The legendary producer helped Slate survive kung fu
by Chris Morin
There are few producers more legendary, or mercurial, than Steve Albini. He’s worked with the Nirvana, Pixies and The Jesus Lizard, and fronted cult groups such as Shellac, earning a reputation for cranking out records that sound like the business end of a buzzsaw.
So when Edmonton punk foursome Slates got the chance to record their third album, Taiga at Albini’s Electrical Audio in Chicago, it was a dream come true, says frontman James Stewart.
“It was great, but obviously it was intimidating — the guy is legendary and he’s been involved in so many projects and albums that we’ve all loved and have been influenced by,” says Stewart. “But you’ve got to get over that pretty quickly.”
Slates spent six days in Albini’s studio. Stewart says the experience was “white-knuckle” at times, but the end result was worth it.

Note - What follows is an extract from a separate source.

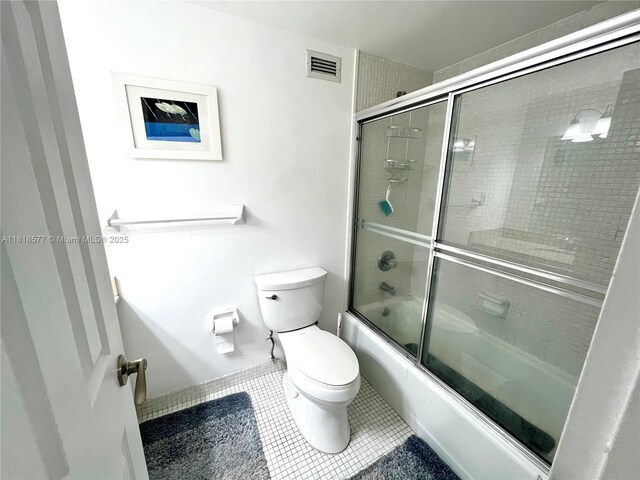 2899 Collins Ave Unit 810, Miami Beach, FL 33140 - full bathroom featuring toilet, tile patterned floors, and bath / shower combo with glass door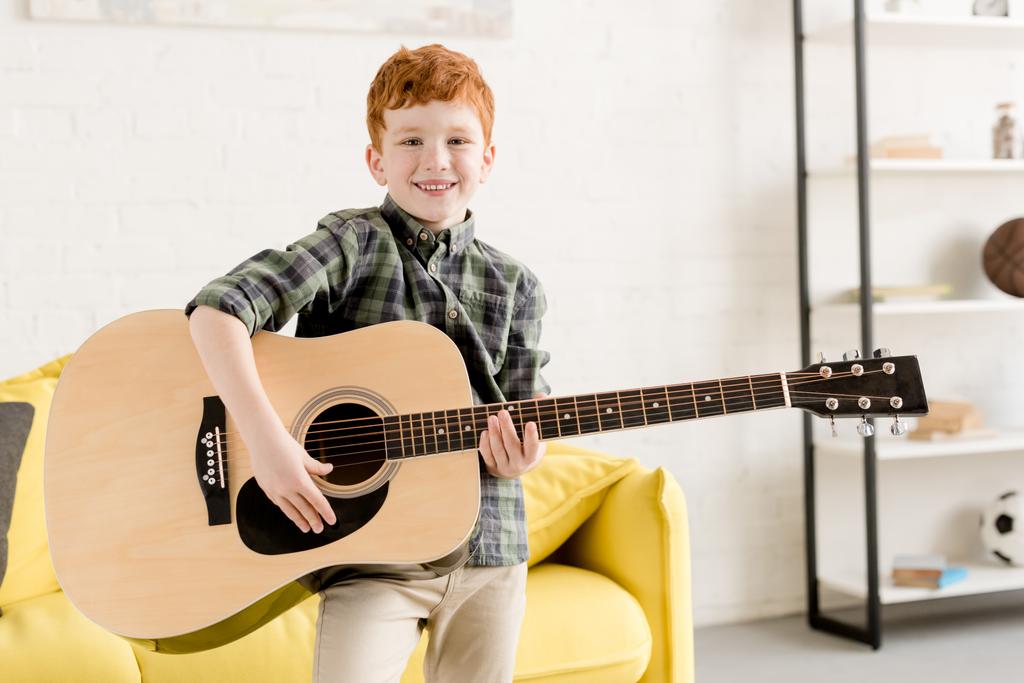 schattige kleine jongen holding akoestische gitaar en glimlachend op camera - Foto, afbeelding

While their previous album Prairie Fire had a sunnier disposition, Taiga is a darker effort, with Stewart’s raspy vocals cutting through densely layered guitars.
“We wanted that authentic feel that Albini’s stuff has,” says Stewart. “It’s tough to get that specific sound when you’re working against the clock, but it also makes for some good records when you have to work like that.”
It’s not just Albini’s touch that contributed to the grittiness of Taiga: Slates experienced a major lineup shift when guitarist Eric Budd left, due to “wanting to focus on his kung-fu studies,” says Stewart.
He also attributes the shift in dynamics to geography and an obsession with bizarre lyrical themes.
“I guess we were in the dead of winter in Edmonton — we couldn’t help but write songs that were nastier. Thematically there’s usually something about stuff burning down and people at the end of their rope. And there’s usually stuff about statues, for some reason. And animals eating people.”